Dalam pidato tersebut, warga NU diingatkan untuk bersatu merapatkan diri melakukan pembelaan, saat ajaran Islam dinodai. “Belalah agama Islam. Berjihadlah terhadap orang yang melecehkan Al-Qur’an dan sifat-sifat Allah Yang Maha Kasih, juga terhadap penganut ilmu-ilmu batil dan akidah-akidah sesat”, lontar Kyai Hasyim. Untuk menghadapi tantangan tersebut, menurut Kyai Hasyim, para ulama harus meninggalkan kefanatikan pada golongan, terutama fanatik pada masalah furu’iyah. “Janganlah perbedaan itu (perbedaan furu’) kalian jadikan sebab perpecahan, pertentangan, dan permusuhan,” tegasnya.

Tegas, tidak kenal kompromi dengan tradisi-tradis batil, serta bijaksana, inilah barangkali karakter yang bisa kita tangkap dari pidato beliau tersebut. Bahkan pidato tersebut disampaikan kembali dengan isi yang sama pada Muktamar ke-XV 9 Pebruari 1940 di Surabaya. Hal ini menunjukkan kepedulian beliau terhadap masa depan warga Nadliyyin dan umat Islam Indonesia umumnya, terutama masa depan agama mereka ke depannya – yang oleh beliau telah diprediksi mengalami tantangan yang berat.

Situasi aktual yang akan dihadapi kaum muslim ke depan sudah menjadi bahan renungan Kyai Hasyim. Dalam kitab Risalah Ahlu Sunnah wa al-Jama’ah, beliau mengutip hadis dari kitab Fathul Baariy bahwa akan datang suatu masa bahwa keburukannya melebihi keburukan zaman sebelumnya. Para ulama dan pakar hukum telah banyak yang tiada. Yang tersisa adalah segolongan yang mengedepan rasio dalam berfatwa. Mereka ini yang merusak Islam dan membinasakannya.

Dalam kitab yang sama, mbah Hasyim (demikian sering dipanggil) menyinggung persoalan aliran-aliran pemikiran yang dikhawatirkan akan meluber ke dalam umat Islam Indonesia. Misalnya, kelompok yang meyakini ada Nabi setelah Nabi Muhammad, Rafidlah yang mencaci sahabat, kelompok Ibahiyyun – yaitu kelompok sempalan sufi mulhid yang menggugurkan kewajiban bagi orang yang mencapai maqam tertentu - , dan kelompok yang mengaku-ngaku pengikut sufi beraliran wihdatul wujud, hulul, dan sebagainya.
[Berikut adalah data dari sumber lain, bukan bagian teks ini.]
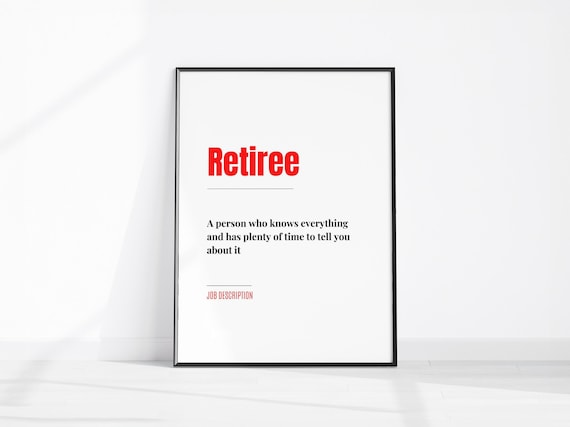 Funny Retiree Job Description Sign Knows Everything Retirement Gift Poster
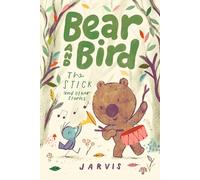 Bear and Bird: The Stick and Other Stories: (Bear and Bird)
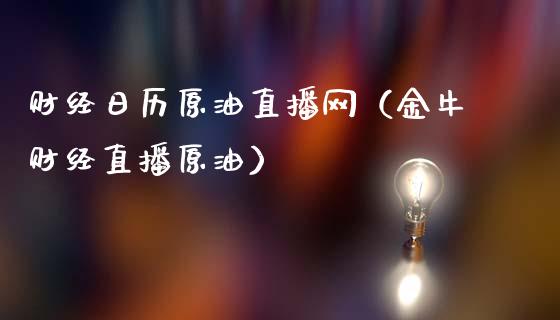 财经日历原油直播网（金牛财经直播原油）_https://www.kuaijiepai.net_期货在线_第1张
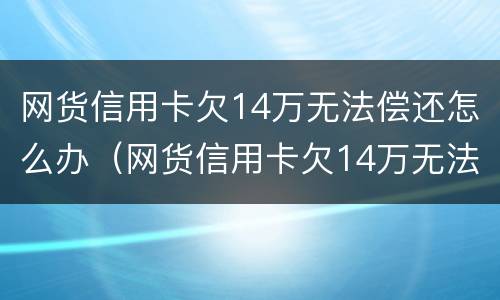 网货信用卡欠14万无法偿还怎么办（网货信用卡欠14万无法偿还怎么办呀）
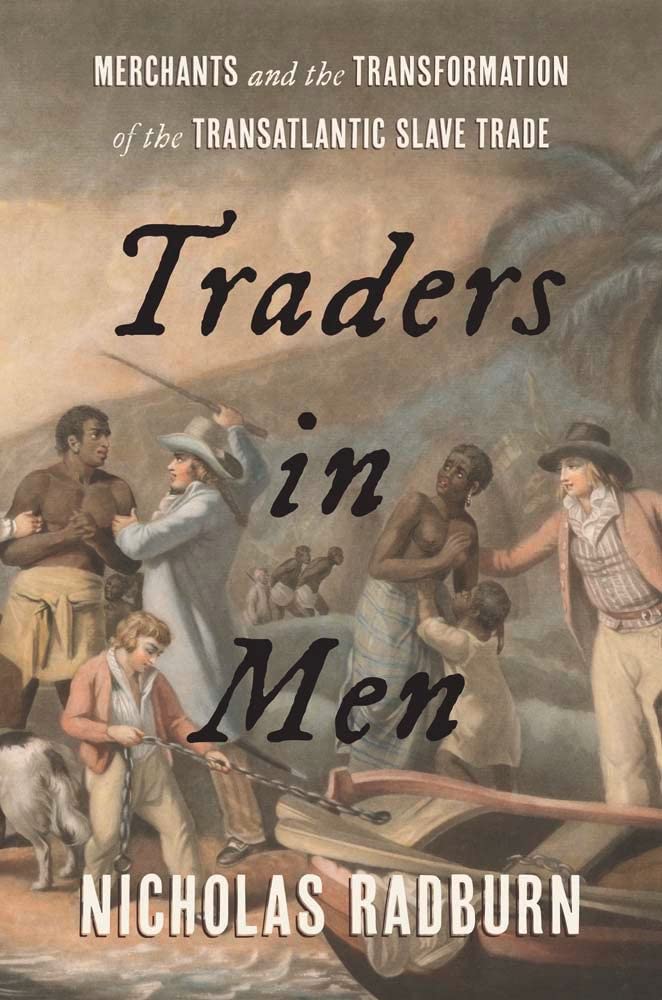 Traders in Men: Merchants and the Transformation of the Transatlantic Slave Trade,Used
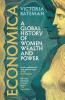 ECONOMICA: A GLOBAL HISTORY OF WOMEN WEALTH AND POWER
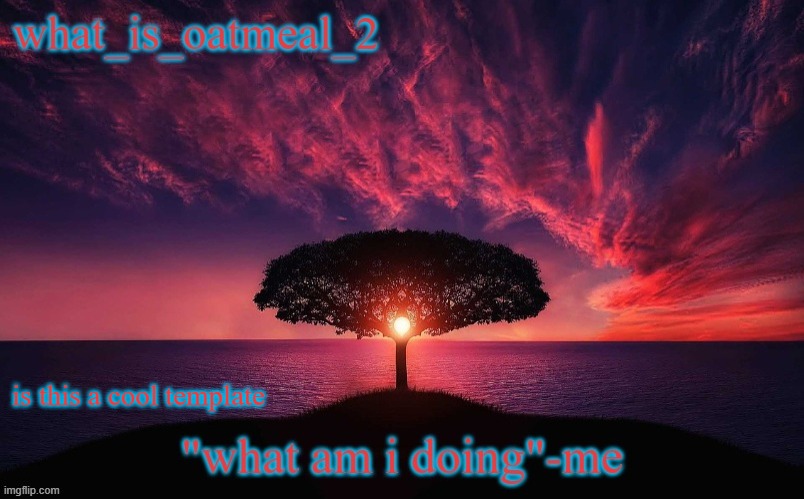 template bc bored | is this a cool template | image tagged in template bc bored | made w/ Imgflip meme maker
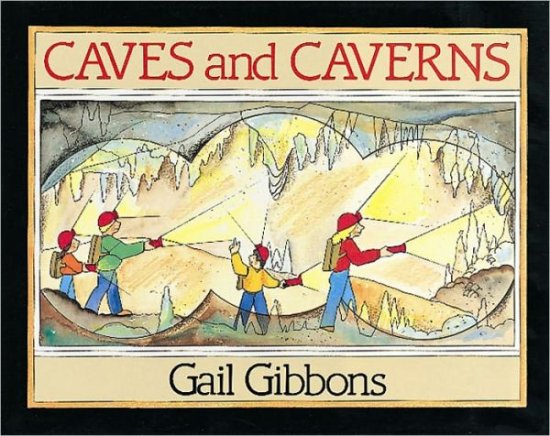 Cover for Gibbons Gail Gibbons · Caves and Caverns (Paperback Book) (1996)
Menurut Kyai Hasyim, term wihdatul wujud dan hulul dipahami secara keliru oleh sebagian orang. Kalaupun term itu diamalkan oleh seorang tokoh sufi dan para wali, maka maksudnya bukan penyatuan Tuhan dan manusia (manunggaling kawula).

Seorang sufi yang mengatakan “Maa fi al-Jubbah Illa Allah”, maksudnya adalah bahwa sesuatu yang ada dalam jubbah atau benda-benda lainnya di alam ini tidak akan wujud, kecuali karena kekuasaan-Nya. Artinya, menurut Kyai Hasyim, jika istilah itu dimaknai manunggaling kawula, maka beliau secara tegas menghukumi kafir.

Karakter pemikiran yang diproduk Kyai Hasyim memang terkenal berbasis pada elemen-eleman fundamental. Dalam karya-karya kitabnya, ditemukan banyak pandangan beliau yang menjurus pada penguatan basis akidah. Dalam kitabnya Risalah Ahlu Sunnah wa al-Jama’ah itu misalnya, Kyai kelahiran Jombang ini menulis banyak riwayat tentang kondisi pemikiran umat pada akhir zaman.

Oleh sebab itu, Kyai Hasyim mewanti-wanti agar tidak fanatik pada golongan, yang menyebabkan perpecahan dan hilangnya wibawa kaum muslim. Jika ditemukan amalan orang lain yang memiliki dalil-dalik mu’tabarah, akan tetapi berbeda dengan amalan syafi’iyyah, maka mereka tidak boleh diperlakukan keras menentangnya. Sebaliknya, orang-orang yang menyalahi aturan qath’i tidak boleh didiamkan. Semuanya harus dikembalikan kepada al-Qur’an, hadis, dan pendapat para ulama terdahulu.

NU Tapi Liberal

Sayangnya, model pemikiran-pemikiran KH. Hasyim Asy’ari tersebut tidak menjadi kaca yang baik. Bahkan ‘kaca’ pemikiran Kyai Hasyim berusaha diburamkan sedemikian rupa, terutama oleh anak-anak muda NU yang liberal.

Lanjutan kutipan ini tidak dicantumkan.